Marine Le Pen’s Far Right Is Netanyahu-Washing Its Antisemitism
Marine Le Pen’s Rassemblement National claims to be a “shield for Jews,” even though the party promotes antisemitic theories. Dividing Jews into “good” Israeli nationalists and “bad” cosmopolitans produces a modern revival of an old antisemitism.

French far-right party Rassemblement National parliamentary group president Marine Le Pen listens during a session on the situation in the Middle East at the French National Assembly in Paris on October 23, 2023. (Bertrand Guay / AFP via Getty Images)
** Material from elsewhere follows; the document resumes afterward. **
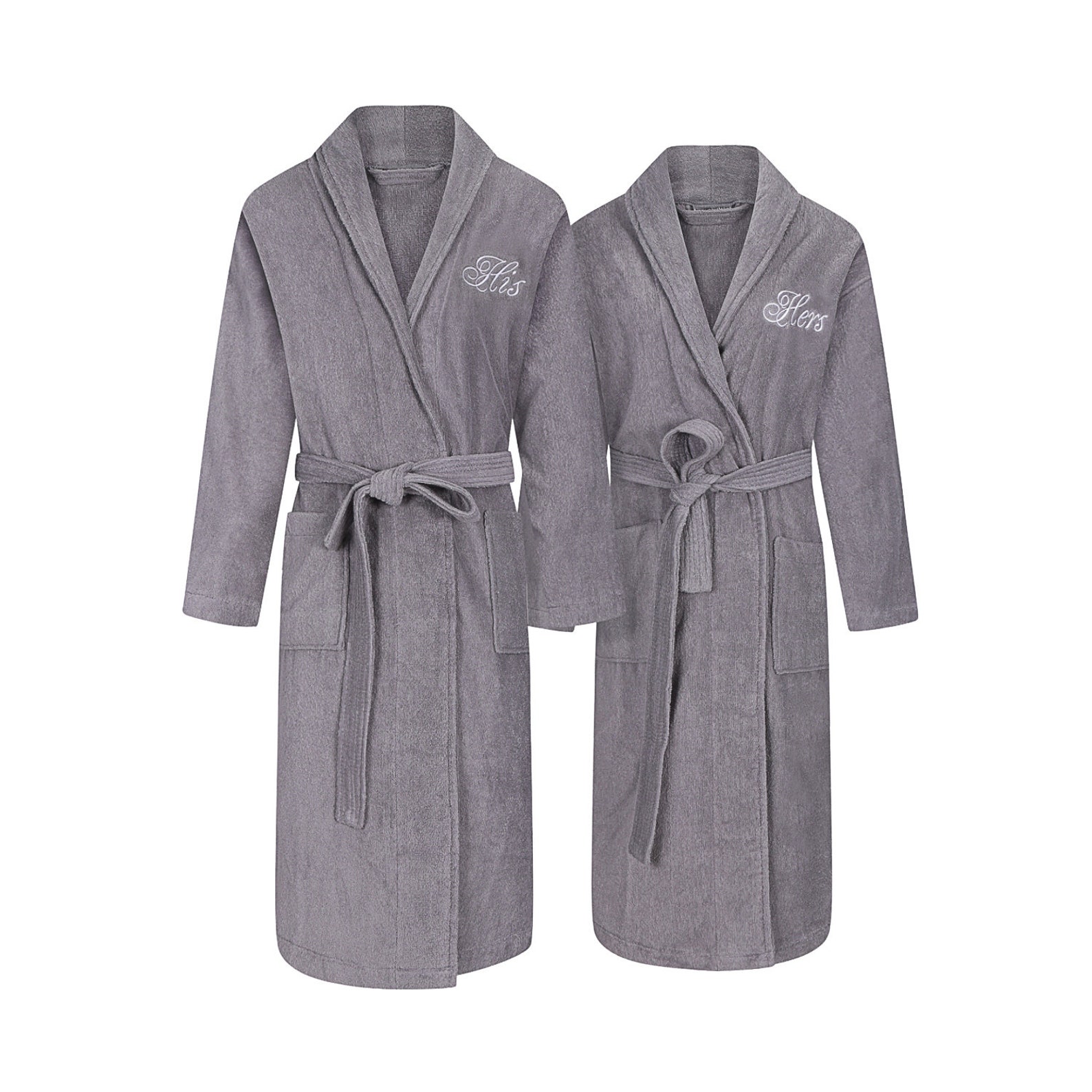 His and Hers Bathrobes Romantic His and Hers Gifts Perfect Etsy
“For many French citizens of Jewish faith, our party is a shield against Islamist ideology.” If we believe Rassemblement National (RN) president Jordan Bardella, speaking shortly after the October 7 attacks, his party has turned from an enemy of France’s Jews, to an ally. Its claimed stance against antisemitism today takes the form of “unconditionally” supporting Israel’s war on Hamas — and condemning the Left’s failure to do the same. Interviewed on Sunday, Bardella insisted that the “antisemitism” label doesn’t fit — noting that perennial candidate Marine Le Pen distanced herself from her father Jean-Marie over this exact issue. Pushed to comment on the party’s historic founder, Bardella replied that he “does not believe Jean-Marie Le Pen was antisemitic.”
The verb tense was odd: convicted Holocaust denier Jean-Marie Le Pen is still alive. But in working to “mainstream” its brand, the RN must retouch its own past. In her 2017 memoir, Marine Le Pen insists her father did “not mean to hurt anyone” when he dismissed the gas chambers as a “detail of history”; twenty-eight-year-old Bardella deflects this controversy by saying he is “too young” to have witnessed it. But not only the RN is shifting the goalposts. Take Marion Maréchal. On Tuesday she insisted that if her grandfather Jean-Marie Le Pen “was more listened to on immigration and Islamization forty years ago, there would certainly be less antisemitism today.”
Maréchal, a leader of Éric Zemmour’s Reconquête party, is heading a rival campaign to Bardella’s RN list for June’s European elections. But both make a similar claim about where antisemitism comes from: the Left, especially Jean-Luc Mélenchon’s France Insoumise, has cozied up to Islamists in the interests of winning the “Muslim vote,” while those who defend national identity and support Benjamin Netanyahu are the real friends of Jews. This Sunday, both far-right parties will join a march against antisemitism in Paris; France Insoumise will be absent, insisting that it refuses to march alongside “Nazis” or even that the march is a “rendez-vous for friends of unconditional support for the [Israeli] massacre” in Gaza.